For Dr. Williams, then, the conference was a success and his plan of staving off a confrontation until the completion of the Anglican Covenant, which would shift the onus of deciding whether one was “in or out” away from Canterbury onto the provinces, a sound one.
However, few of the bishops questioned by The Church of England Newspaper over the course of the conference and in the week after, saw themselves or the communion as “winners.” Liberals were aggrieved by Dr. Williams’ turn against them on the closing day, when he called for a moratorium on gay bishops and blessings—and singled out the Episcopal Church for opprobrium as the chief troublemaker in the communion.
Conservatives entered the conference discouraged by the absence of over 60 percent of the African diocesan bishops, and left frustrated that nothing substantive was accomplished. Fears Dr. Williams was “not on side” were not assuaged by his conservative-sounding closing presidential address on Aug 3, as a steady onslaught of progressive Bible studies, politically correct plenary sessions, and in the words of one American conservative bishop–“asinine” Indaba groups was a source of frustration and impatience.
The central failure of the conference, however, flowed from the decision not to confront the issues dividing the communion. During the 2003 primates meeting, Archbishop Peter Akinola and a small group of primates were persuaded by Dr. Williams to attend communion services with US Presiding Bishop Frank Griswold, even though their scruples forbad them from doing so.
Over the succeeding five years, the inability of Anglican bishops to worship round a common altar has not been addressed, and even with a boycott of over 200 bishops the opening eucharist in Canterbury Cathedral saw three primates and a number of bishops refrain from receiving communion due to their theological difficulties with the American church. These positions were not softened during the three weeks at Lambeth, but hardened with some bishops convinced that dialogue in the terms proposed by Dr.
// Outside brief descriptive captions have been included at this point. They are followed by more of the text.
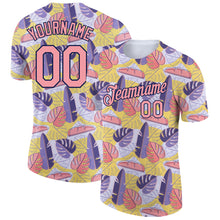 Load image into Gallery viewer, Custom White Medium Pink-Navy 3D Pattern Design Hawaii Palm Leaves Performance T-Shirt

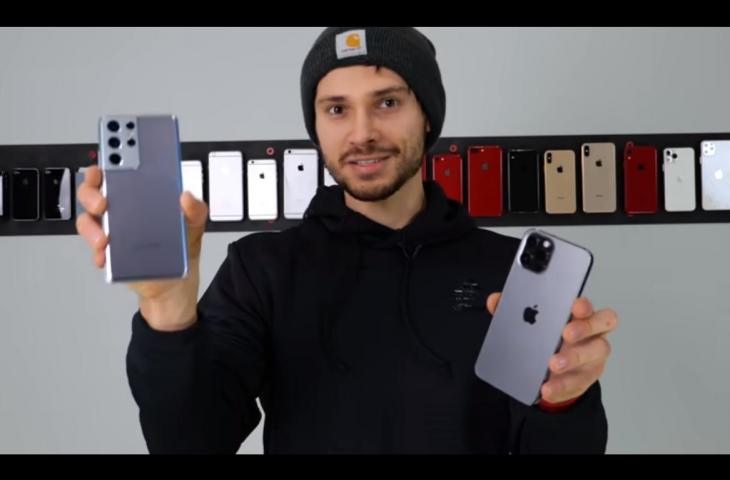 Drop test iPhone 12 Pro Max dan Samsung Galaxy S21 Ultra . (YouTube/EverythingApplePro EAP)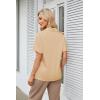 imageGRACE KARIN Womens Satin Silk Shirts Short Sleeve Casual Work Blouse Lapel V Neck Pullover TopsKhaki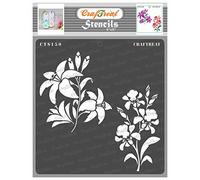 CrafTreat Lily Flower Stencils for Painting on Wood, Canvas, Paper, Fabric, Floor, Wall and Tile - Lily and Iris - 6x6 Inches - Reusable DIY Art and Craft Stencils iris for Painting Flowers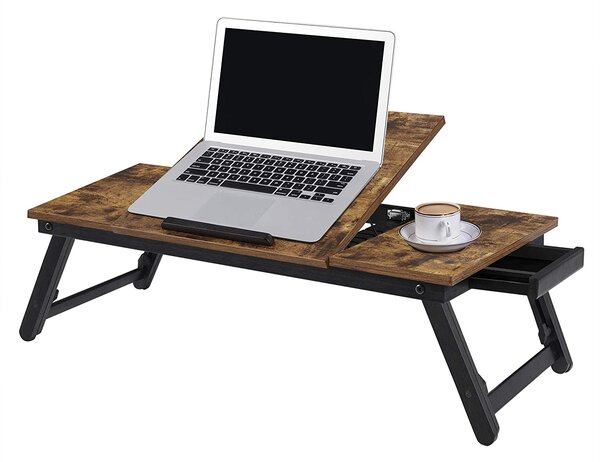 Stůl na laptop, výškově nastavitelný snídaňový tác, 71 x 35 x 23 cm, rustikální hnědý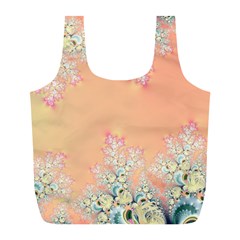 Peach Spring Frost On Flowers Fractal Full Print Recycle Bag (l) by Artist4God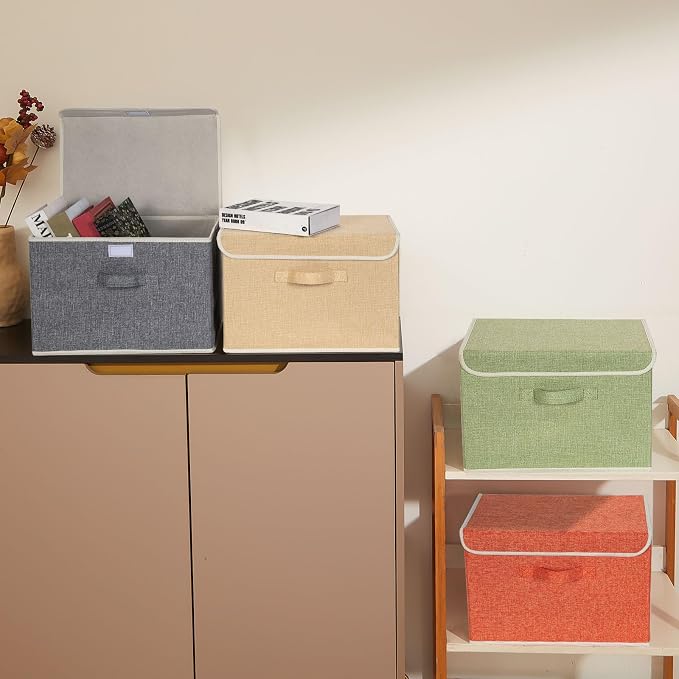 Storage Bins with Lid, Foldable Clothing Storage Box case with Handle - Image 4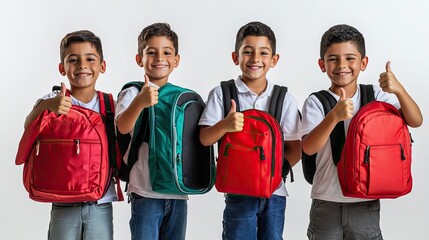 Four Latino American Boys With Backpacks Giving Thumbs up for School Generative AI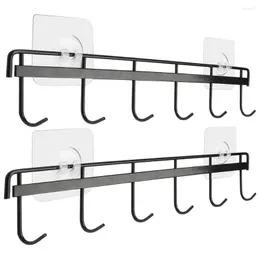 Cabides para utensílios de armazenamento de cozinha com ganchos suporte de parede montado em rack adesivo para quarto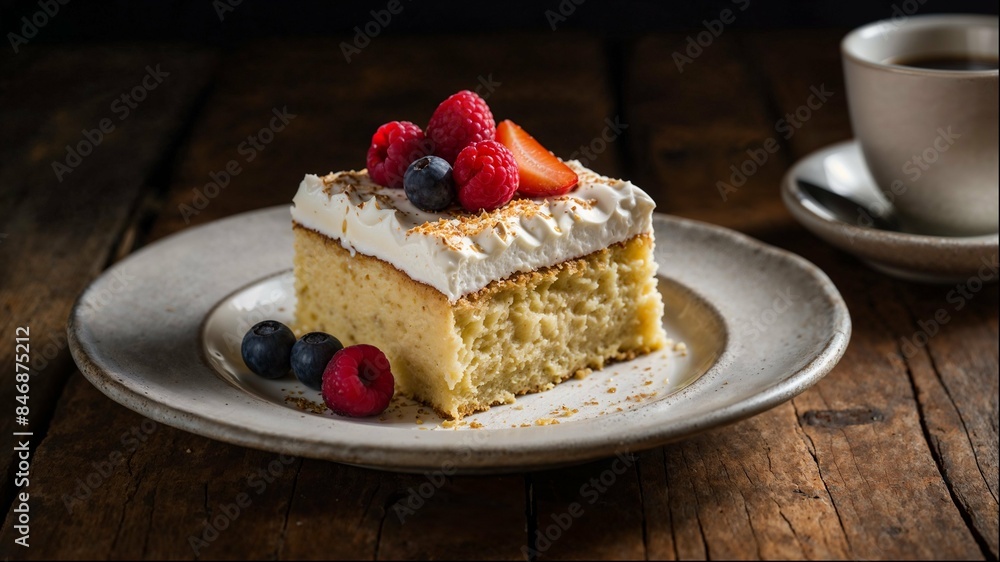 A slice of cake with blueberries and strawberries on top of a white plate A slice of cake with blueberries and strawberries on top of a white plate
Williams was now fruitless.
Up until now, the Anglican Communion has held together “by appealing to diversity,” Bishop Venables said.
However, he asked “Can we sacrifice what we believe for unity? I don’t think we can make that decision on the spur of the moment. It is unfair to ask people to sacrifice their convictions for the sake of a unity that is by no means certain.”
The attempts at conversation had not worked. “I hoped we would be able to talk about very serious things, we tried to but were unable to,” he said. The small group process helped “but there wasn’t enough trust. The level of conflict, fear, mistrust, frustration hasn’t allowed it.”
The problem of authority within Anglicanism was not being addressed, he argued. “Anglicanism has always said we were not a vertical church, but now it would help to have a council of cardinals to help us.”
“You have authority in the local church, authority in the diocese, authority in the province, why not have it in the whole church?” he asked. However, there are “no ground rules to define the Anglican Church. No ground rules outside the province. Now we have no way of avoiding the division,” Bishop Venables said.
“We talk but nothing is decided. People are frustrated,” and Lambeth 2008 did not address these needs, Bishop Venables said.